For decades, the Boeing 747 has been a paragon of aviation. It was the world's first jumbo jet, and helped usher in the modern era of air travel. But its reign as "Queen of the Skies" officially came to an end this week as Boeing rolled out its very last of the iconic aircraft.
The 747-8 freighter was delivered to cargo airline Atlas Air on Tuesday, more than 50 years after the model was first pulled out of the hangar, Reuters reported.
First manufactured in 1968, the 747 became instantly recognizable for its wide body and trademark hump that made up part of a second deck. Through the decades, it remained a notable symbol of luxury in the skies.
Its numbers are dwindling, though, thanks to dated technology and competition from companies like Airbus. Only 44 passenger versions of the 747 remain in use, CNN reported, citing aviation analytics firm Cirium. However, there are still over 300 freighter 747s in the skies.
Numerous governments also use the 747, including the U.S. presidential aircraft, Air Force One. But in the era of ever-changing transportation technologies, the 747 has seen its dominance eclipsed by "more efficient twinjet planes," per Reuters.
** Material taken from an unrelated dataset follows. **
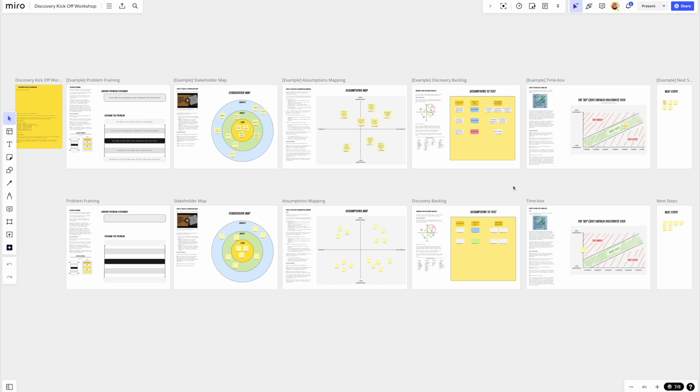Hi, I'm Ant Murphy. I'm a product coach and the founder of Product Pathways. And what I want to take you through now is my product discovery kickoff workshop board. This is a Miro board and a template that you can use, and this is my approach to kicking off product discovery.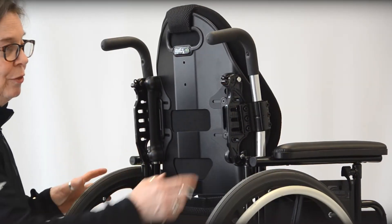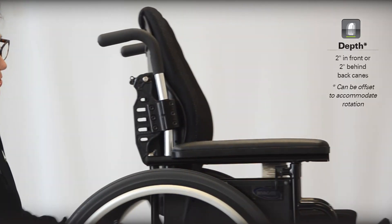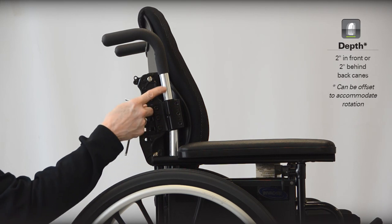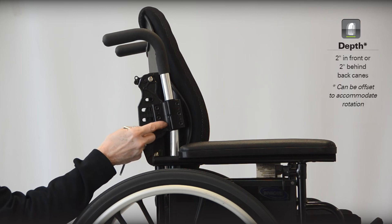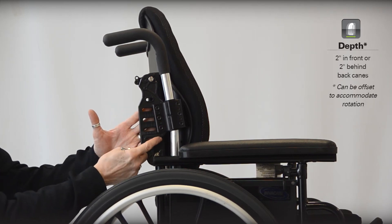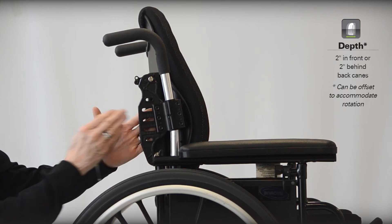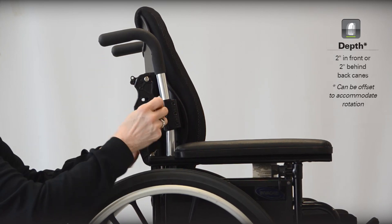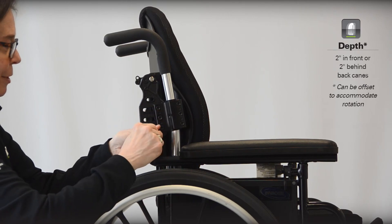Let's start with the EasySet hardware for depth and angle adjustment. Because this is a larger bracket, you can see where we have our clamp around the back cane. This is a larger bracket here, with three bolts that hold it on the cane. And then you'll see the three slots here and corresponding three bolts that we have to loosen to get our depth and angle adjustment. I'm going to loosen these on each side — I've set this up a little bit to be quick for you.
Workers at the Boeing factory in Everett, Washington, told The Seattle Times of their memories working on the legendary plane. Darrell Marmion, a top engineer at Boeing who retired last November, said, "I'm retiring with my airplane. I'm actually glad at the timing, because I do care so much for the airplane."
"One of my earliest memories in life was about 5 years old and my dad taking me on a tour of the mock-up of the first 747," Marmion added. "You just look at the shape of it and you know what it is. It's timeless and classic."